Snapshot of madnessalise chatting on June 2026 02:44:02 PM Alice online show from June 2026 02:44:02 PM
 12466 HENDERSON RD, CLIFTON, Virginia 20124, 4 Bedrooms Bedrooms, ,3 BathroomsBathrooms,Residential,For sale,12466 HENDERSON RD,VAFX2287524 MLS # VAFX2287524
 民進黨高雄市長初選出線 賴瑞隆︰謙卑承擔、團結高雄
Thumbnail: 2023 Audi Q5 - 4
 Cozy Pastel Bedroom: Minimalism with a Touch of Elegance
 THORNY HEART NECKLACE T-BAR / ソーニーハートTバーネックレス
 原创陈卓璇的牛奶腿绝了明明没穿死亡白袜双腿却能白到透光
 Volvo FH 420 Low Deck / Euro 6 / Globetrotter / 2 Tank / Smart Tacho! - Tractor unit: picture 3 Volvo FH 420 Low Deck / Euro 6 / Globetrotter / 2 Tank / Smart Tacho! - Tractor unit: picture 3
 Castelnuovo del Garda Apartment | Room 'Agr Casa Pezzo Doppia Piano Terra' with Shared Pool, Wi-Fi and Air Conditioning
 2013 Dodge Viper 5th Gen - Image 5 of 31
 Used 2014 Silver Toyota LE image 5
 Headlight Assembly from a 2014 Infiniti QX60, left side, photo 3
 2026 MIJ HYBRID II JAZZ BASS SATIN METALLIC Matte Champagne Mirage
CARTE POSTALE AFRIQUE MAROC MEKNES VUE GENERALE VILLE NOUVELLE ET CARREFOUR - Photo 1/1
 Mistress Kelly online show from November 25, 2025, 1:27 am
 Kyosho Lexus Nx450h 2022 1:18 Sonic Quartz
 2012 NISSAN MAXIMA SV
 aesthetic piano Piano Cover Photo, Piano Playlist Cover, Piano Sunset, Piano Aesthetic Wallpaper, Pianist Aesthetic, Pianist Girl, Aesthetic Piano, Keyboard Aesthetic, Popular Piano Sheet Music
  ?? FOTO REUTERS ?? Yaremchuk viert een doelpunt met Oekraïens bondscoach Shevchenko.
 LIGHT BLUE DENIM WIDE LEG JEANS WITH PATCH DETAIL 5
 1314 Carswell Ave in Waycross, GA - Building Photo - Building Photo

ASSIGNMENT:
The answer must consist solely of the lines from the first line of the data to the line holding "THORNY HEART NECKLACE", each given again exactly.

WRITTEN SOLUTION:
Snapshot of madnessalise chatting on June 2026 02:44:02 PM Alice online show from June 2026 02:44:02 PM
 12466 HENDERSON RD, CLIFTON, Virginia 20124, 4 Bedrooms Bedrooms, ,3 BathroomsBathrooms,Residential,For sale,12466 HENDERSON RD,VAFX2287524 MLS # VAFX2287524
 民進黨高雄市長初選出線 賴瑞隆︰謙卑承擔、團結高雄
Thumbnail: 2023 Audi Q5 - 4
 Cozy Pastel Bedroom: Minimalism with a Touch of Elegance
 THORNY HEART NECKLACE T-BAR / ソーニーハートTバーネックレス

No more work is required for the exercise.